Maidens and Other Marvels

Question: How is a spinning top like a virgin running a race (and what does either have to do with science)? Answer: Making the invisible visible often requires trading scientific language for more commonly understood comparisons.

Frontispiece of Michael Maier's Atalanta Fugiens

Michael Maier used the story of a maiden who refuses to marry unless her suitor beats her in a footrace as a metaphor for the behavior of matter. Photo by Gregory Tobias.

The language quantum mechanics uses to describe the forces inside and between atoms is incomprehensible to most people. Take magnetic resonance imaging (MRI), a process many have heard of and possibly been subjected to, but whose particular actions only specialists in the field could describe. MRI creates images of the workings of a body’s insides, but understanding how it does so is nearly impossible without conjuring the familiar image of a spinning, wobbling top. The top illustrates the motion of an atom’s nucleus, which spins on an axis. In an external magnetic field this spinning nucleus precesses, gyrating on its axis just as a spinning top does under the influence of Earth’s gravitational field. In the human body the precession frequency depends on the location and chemical surroundings of the nucleus. The MRI process captures this information from the hydrogen nuclei in the body’s water molecules and, aided by powerful computer programs, turns that data into an image.

Another useful scientific metaphor is the maiden who won’t marry unless a suitor can beat her in a footrace.
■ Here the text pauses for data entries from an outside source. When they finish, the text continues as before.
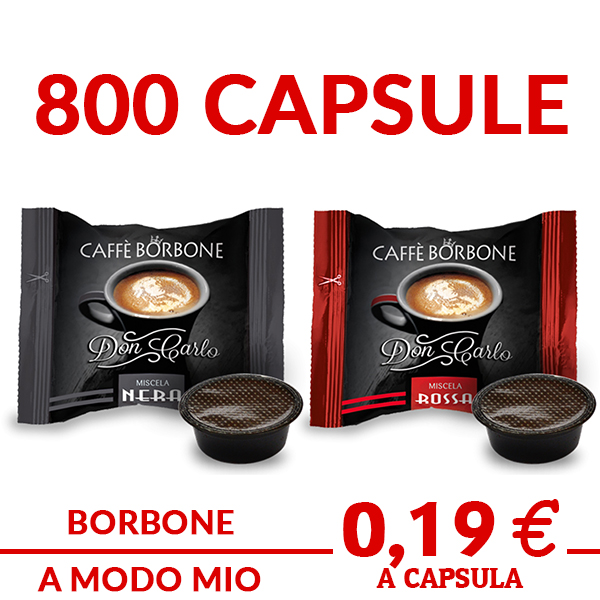 800 capsule borbone compatibili a modo mio don carlo a scelta tra miscela nera e rossa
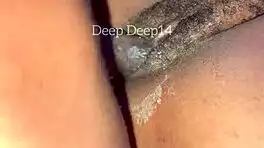 ebony babe's pussy vibrates wildly after six intense boss rounds close-up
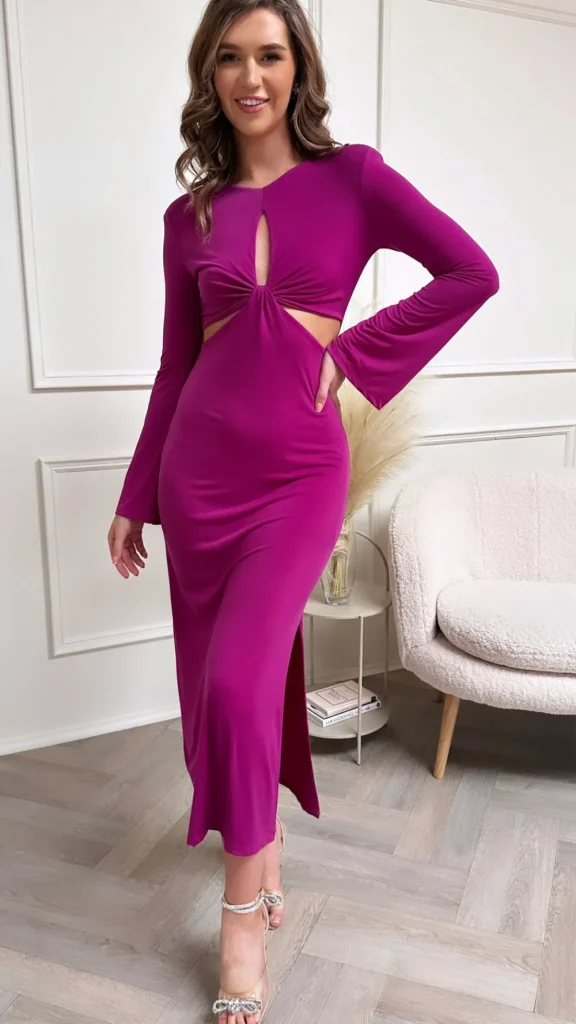 CC Fitted Dresses | Occasion Dresses^Adelaide Fuchsia Cut Out Midi Dress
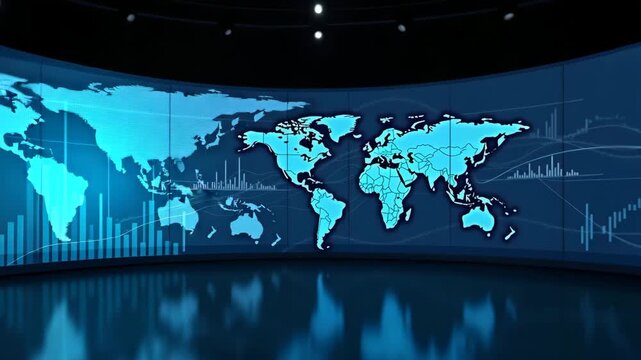 Dynamic economic news visual incorporating bar charts line graphs and world map overlays projected on LED studio backdrop for newsroom broadcast in  Photo Stock  Concept  and empty space on the left s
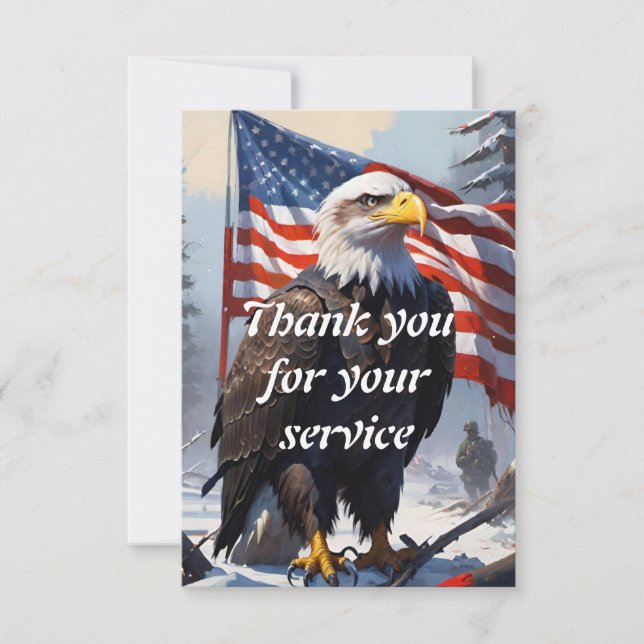 American Bald Eagle and the American Flag Thank You Card (Front)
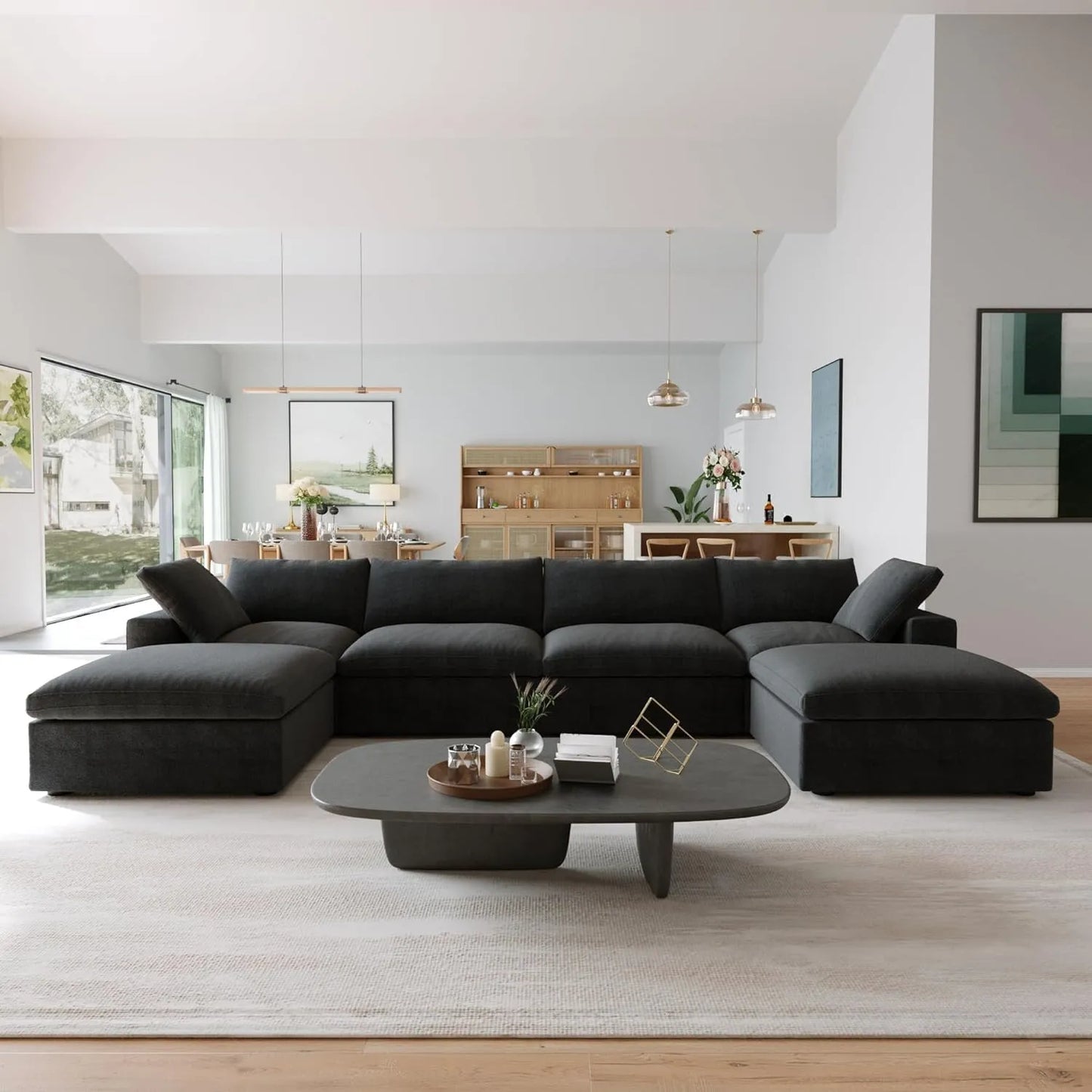 Deluxe Premium Cloud Sectional Sofas | Black Cotton and Linen U shaped Sectionals 4-seaters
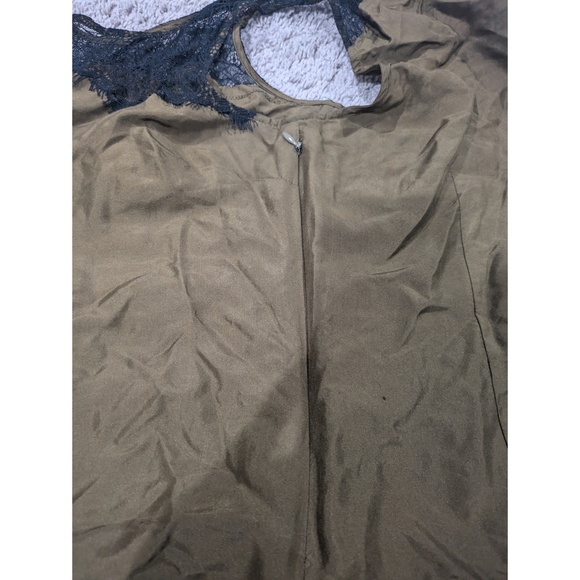 J. Crew Silk Tank Green Brown Size 6 with Lace - Picture 6 of 8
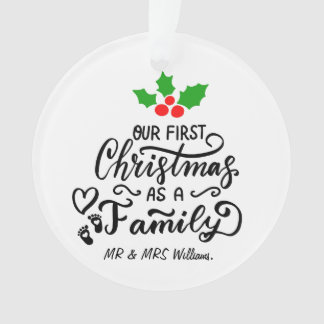 Unsere ersten Weihnachten als Mama und Vater Foto Ornament
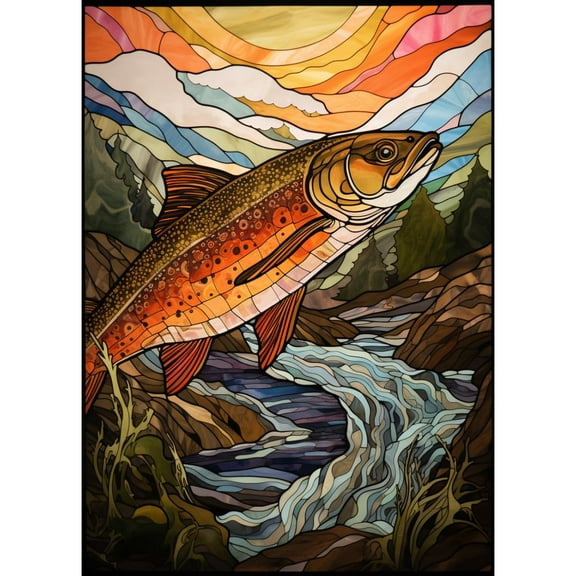 Fish Trout Jumping River Tree 5D Diamond Art DIY Paint with Full Drill Round Diamond Gems Painting by Number Kits for Adults Art Craft Home Wall Decor 15.8x19.8in(2)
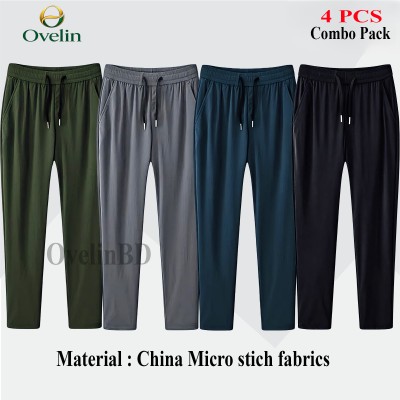 4 pcs Combo Premium Quality Solid Trouser - Black, Ash, Olive & Green.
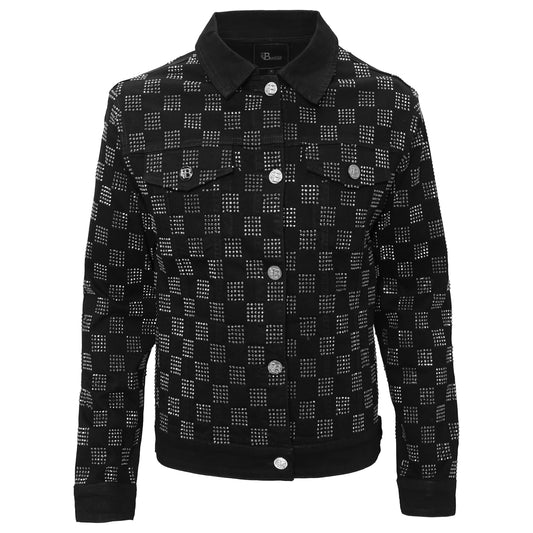Dazzle Check Denim Jacket-BLACK/SILVER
Simply put, this represents matter reluctant to combine and transform. In his 1618 book, Atalanta fugiens, natural philosopher Michael Maier employs the then well-known myth about the reluctant virgin Atalanta to show how the elusive goal of transforming matter can be attained. In the myth golden apples are used to distract the maiden, allowing one exceptional suitor, Hippomenes, to win the race and marry her. The golden apples represent a chemical catalyst, changing matter’s resistance to joining. Today chemists still refer to substances as “marrying” when they successfully combine, a metaphor carrying the optimistic connotation of a successful union—and a fruitful result.

We are accustomed to metaphor and analogy in art and literature, but science also employs such tools. Sometimes taking chemistry out of the lab and placing it in more familiar contexts allows the inexplicable to be understood.